## Material for this exercise

====

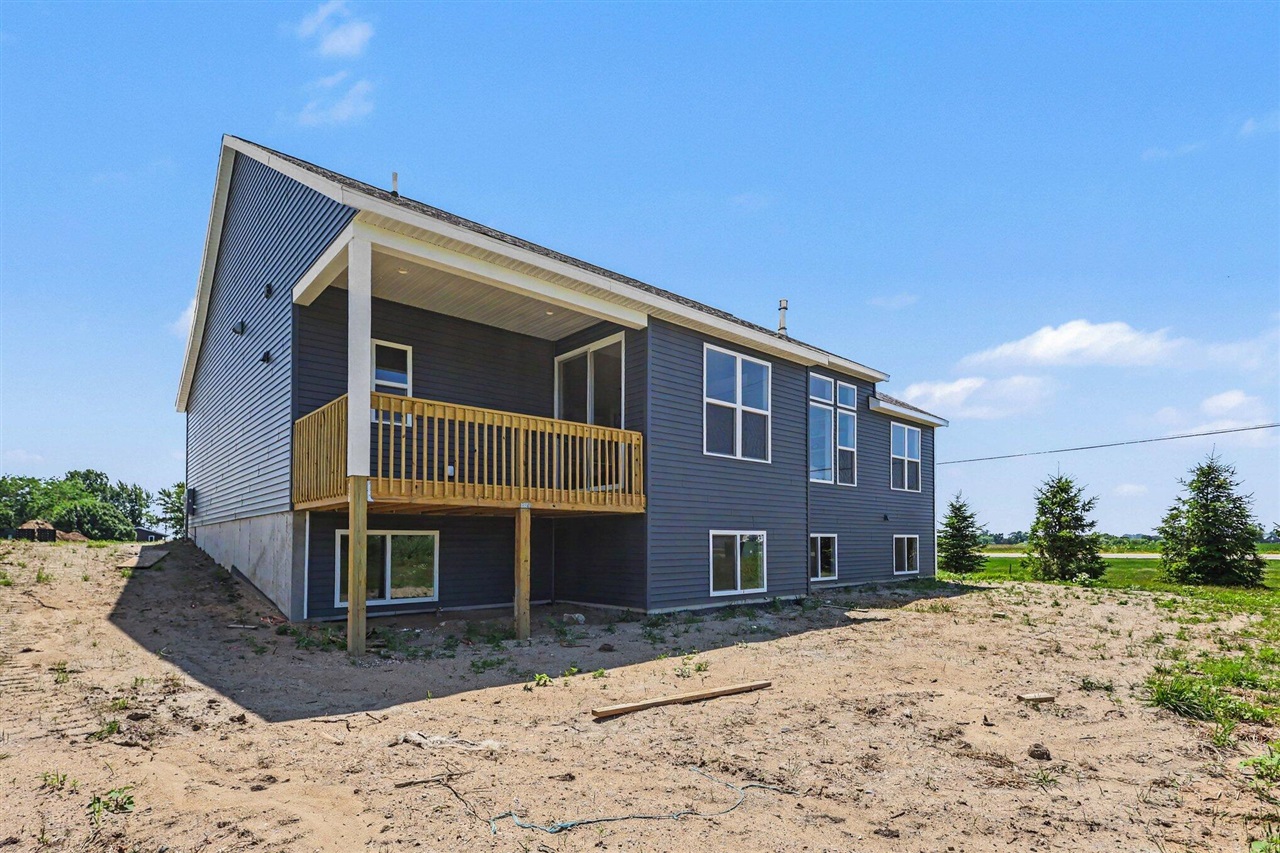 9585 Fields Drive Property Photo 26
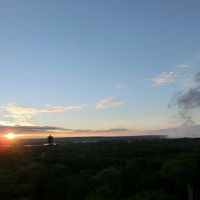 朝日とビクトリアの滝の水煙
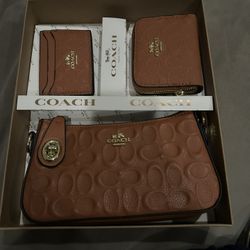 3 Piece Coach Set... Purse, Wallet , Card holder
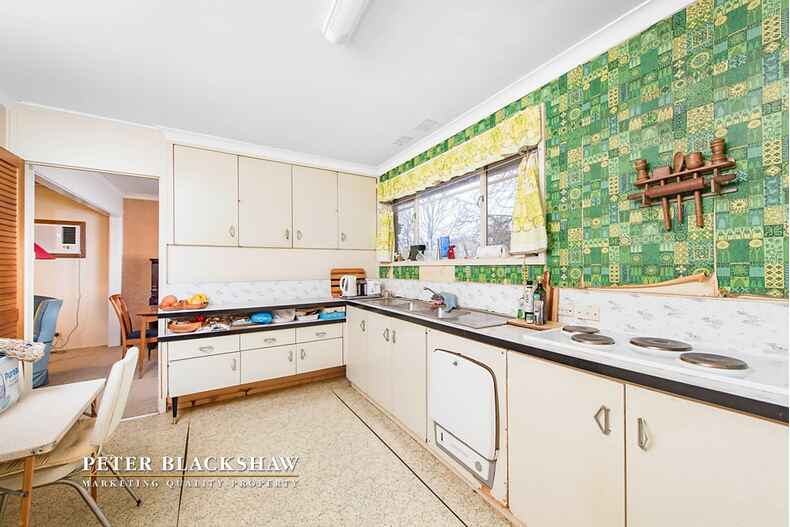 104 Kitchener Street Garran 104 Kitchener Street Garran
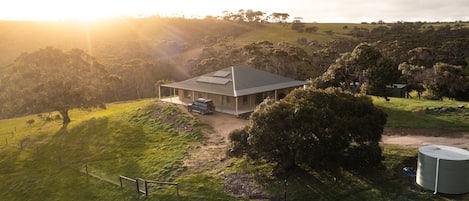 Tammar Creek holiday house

====

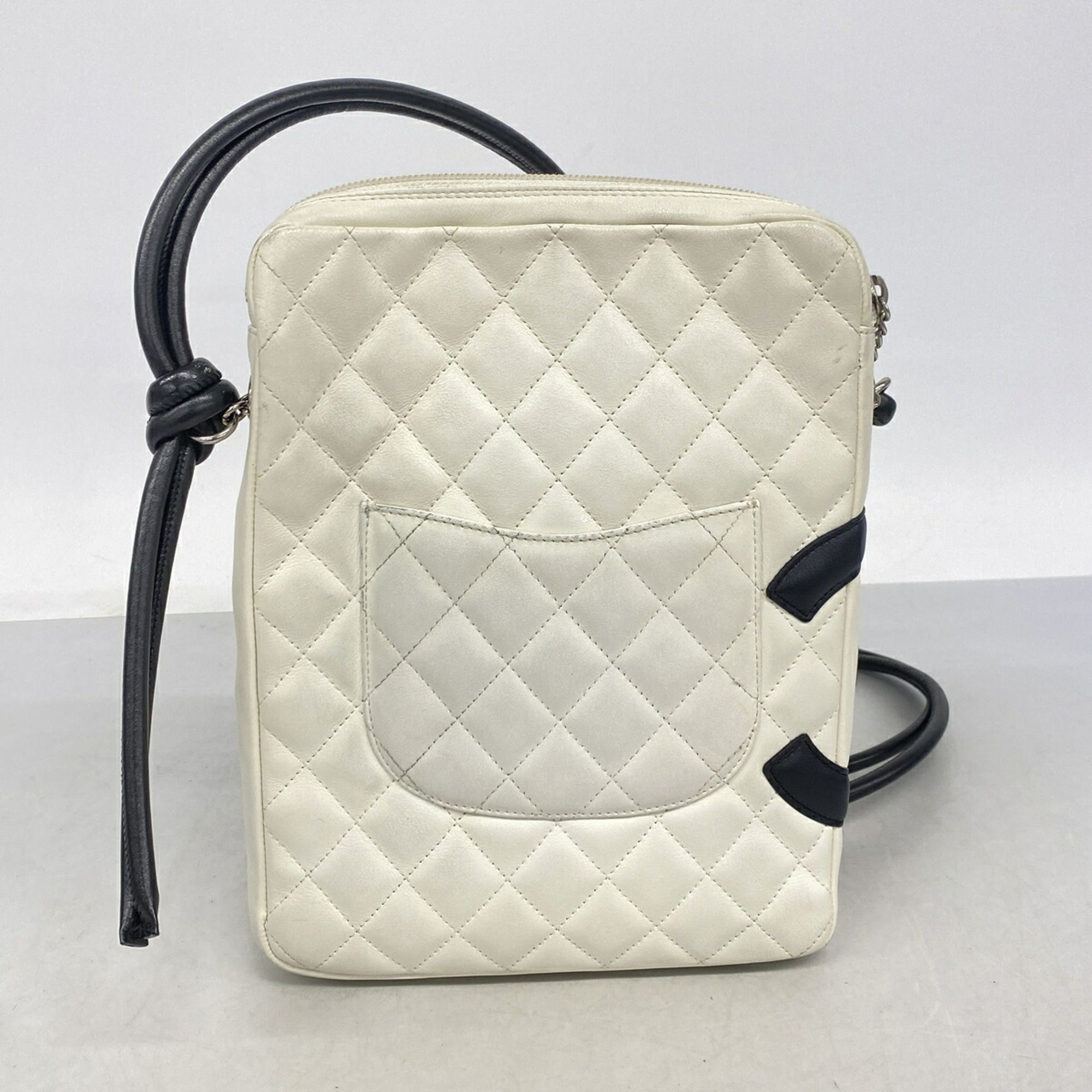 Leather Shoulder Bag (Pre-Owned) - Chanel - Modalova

====

Using the entries above, transcribe exactly from the line that has "3 Piece Coach" through the line that has "Tammar Creek holiday house". Pictures are dropped.

## Expected output
 3 Piece Coach Set... Purse, Wallet , Card holder
 104 Kitchener Street Garran 104 Kitchener Street Garran
 Tammar Creek holiday house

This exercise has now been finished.